Wiki defines Value as “Economic value is a measure of the benefit that an economic actor can gain from either a good or service. It is generally measured relative to units of currency”. The concept of ‘Value’ is closely related to ‘Expectations’. While ‘Delivery Value’ typically maps to ‘Meeting Expectations’, ‘Value-add’ demands ‘Exceeding Expectation’. We’ve seen that Value generation doesn’t happen by accident. It is a process - a well-engineered one that has to be run consistently if it has to serve as an organization strategy. One of the mechanisms piloted is a Value Register.
The basic mechanism is a simple one wherein team members log their ideas which, according to them can generate value for client. In the context of an IT service provider, the suggestions could be around enhancing the client product – its functionality or user experience or performance. Sometime the suggestion could add value to both client and organization. For example produce a re-usable artefact which can save schedule for client and effort for the service provider in current and future projects towards other clients as well. But primarily, it must be client-facing. To ensure better impact on customer, typically the suggestions from the team are reviewed internally before presenting to the client.
A point to note is that the relationship between client and service provider should facilitate such discussions. Service provider will have to create platforms such as Quarterly Business Reviews which would facilitate such discussions.

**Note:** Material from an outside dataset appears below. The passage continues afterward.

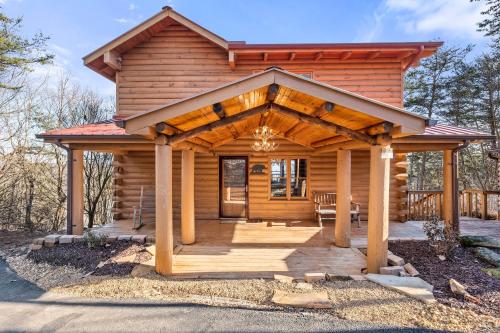 Above and Beyond, Cabin with Massive Views Near Helen in Cleveland, USA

A lot of ‘priming’ is needed before a team can start generating value-adding ideas to client. For example, the team may need focussed education on client, his business and competition. Otherwise, the larger team may not have a deeper appreciation of client’s business and may operate in a ‘client says, I do’ paradigm. In fact, the fundamental shift from ‘Service Provider’ to ‘Value-adding partner’ is all about this.
In one of the successful pilots of Value Register, 30% of the project team participated in Value-generation. 84% of suggestions generated by the team were accepted by the client. At the end of pilot period, the team found that about 40% of assignments channelized to this team (proportionate to the revenue generated) by the client was triggered by the team itself. Client explicitly appreciated the urge of the team to add value to his business. Very interestingly, the practice of Value-Register was seen to have an impact on employee engagement and hence on attrition and morale.

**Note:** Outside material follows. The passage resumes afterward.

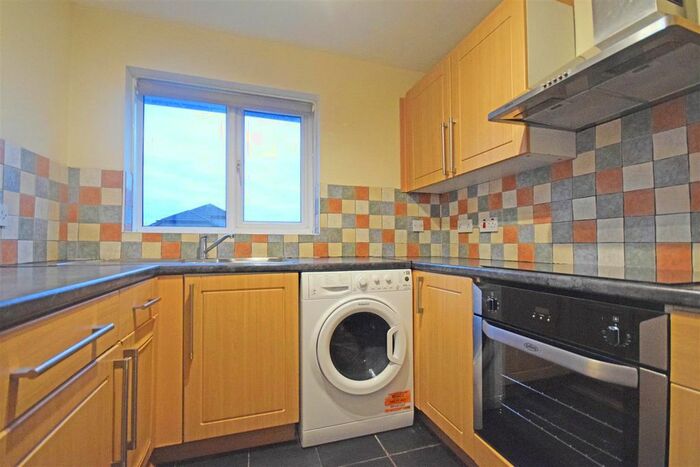1 Bedroom Flat To Rent In Varsity Drive, Twickenham TW1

Institutionalizing of the process may need measures and metrics around value-generation. Some measures that could be considered include “Number of value-add suggestions received”, “Percentage of team participating in value-generation” and “Percentage of projects actively using value register” (org-level). This again implies that the organization must have internal reviews to continuously monitor and ensure the working of this engine.
Implications about Value-add Process:
ð The definition of “Value” changes with time. What was perceived to be value-add at a given time soon becomes a part of expectation and hence ‘basic value’. The service provider must have ongoing mechanisms to ideate and identify avenues to maintain the perception of Value-adding service provider.

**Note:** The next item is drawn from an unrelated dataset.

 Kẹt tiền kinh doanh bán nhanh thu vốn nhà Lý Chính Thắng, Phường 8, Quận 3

ð Value-add is not the only parameter that explains the gap between customer satisfaction and repeat business. Other reasons include change in client’s IT plans due to financial and business reasons etc.
ð Value-generation is not a substitute for basic project practices of the company. Delivering the right product, on-time and within cost continues to be the core and a part of “Necessary” conditions to leverage Customer Satisfaction.
Taking into consideration the above caveats and investing in a robust and sustainable value-generation process is likely to increase the customer loyalty and repeat business.